During the Cold War, the nuclear winter theory inspired scientific research—as well as doubt-mongering. In Merchants of Doubt, historians Naomi Oreskes and Erik Conway identify the people and organizations who sought to discredit the science that threatened their agenda or ideology.
Read more to learn how merchants of doubt influenced the debate about the nuclear winter theory.
The Origins of the Nuclear Winter Theory
During Reagan’s term, astrophysicists at NASA Ames Research Center were working with computer models to assess the effects that dust in the atmosphere has on the surface of planets. Initially, they were trying to learn about Mars’s atmosphere, but then they realized the models could help them figure out what had happened to the dinosaurs and what might happen after a nuclear war.
After something massive collides with the Earth, whether an asteroid or a nuclear warhead, fires start and huge amounts of dust fly into the atmosphere.
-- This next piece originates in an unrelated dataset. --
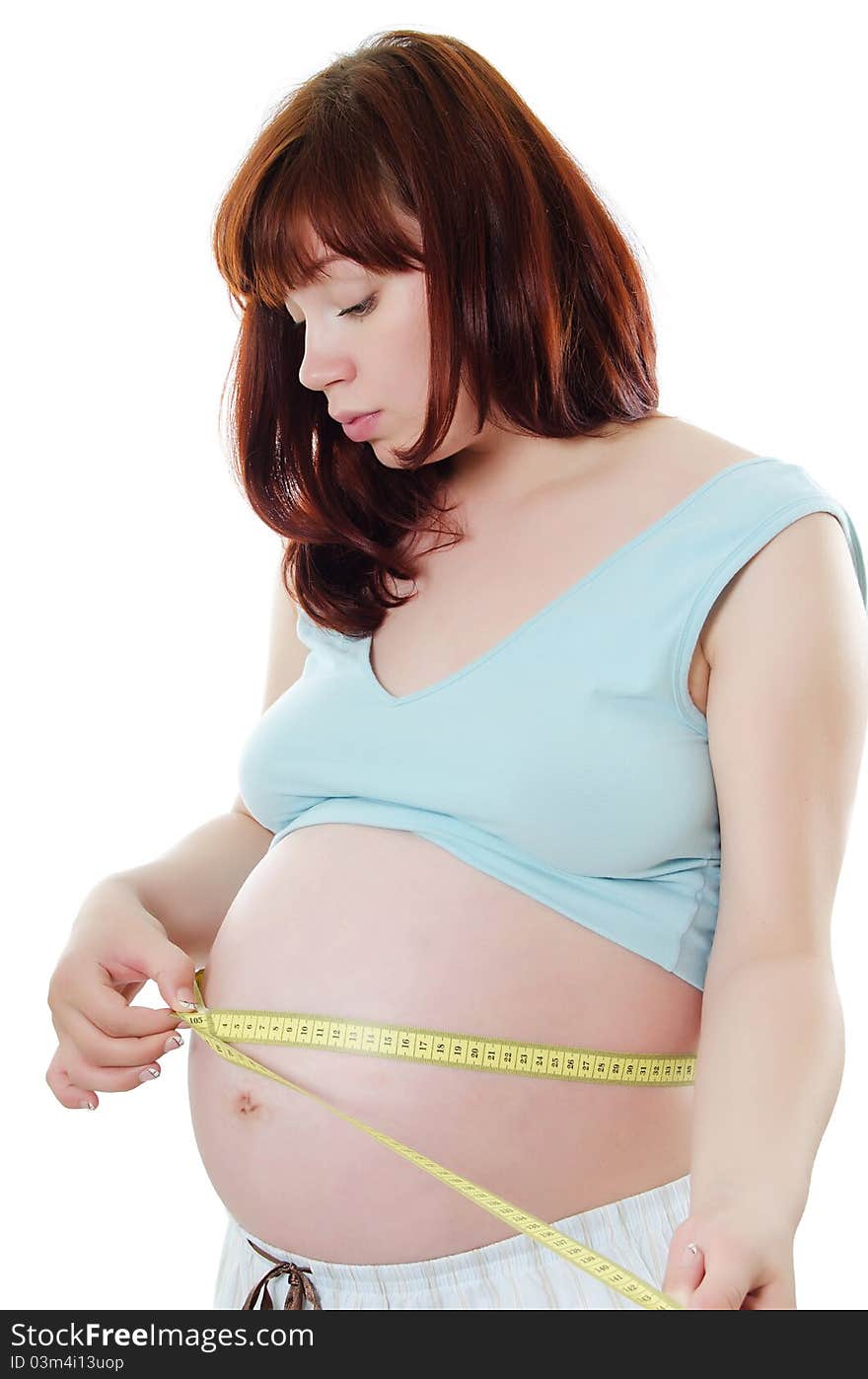 The pregnant woman with a measuring tape on white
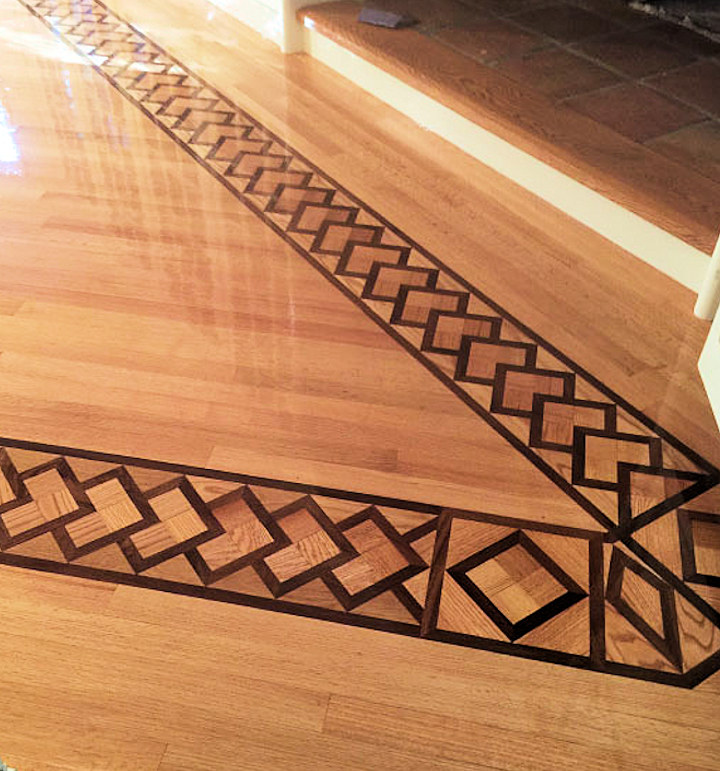 Intricate red oak floor with wooden tile border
Smoke and dust block the sun. Without the sun, the surface temperature cools and plants, unable to photosynthesize, die.
The models suggested that even a small nuclear exchange would create enough dust to lower the Earth’s surface temperature below freezing even in the summer. The drop would be 35 degrees Celsius. This would come to pass even if the exchange was small (somewhere between 500-2,000 warheads). Each superpower had around 40,000 warheads.
The models relied on data that came from the Nagasaki and Hiroshima bombings, and above-ground testing in the 1950s. This data wouldn’t necessarily represent a modern nuclear exchange because:
- Modern weapons didn’t work exactly the same way as the old ones. They might explode differently or create fire differently.
- The U.S. and Soviet landscape might burn differently than the Japanese one—forests, grasslands, and cities all burn differently.
However, while there was uncertainty around the details—the “second-order” effects, it was clear that a nuclear exchange would cause enough damage to seriously endanger everything living on the planet.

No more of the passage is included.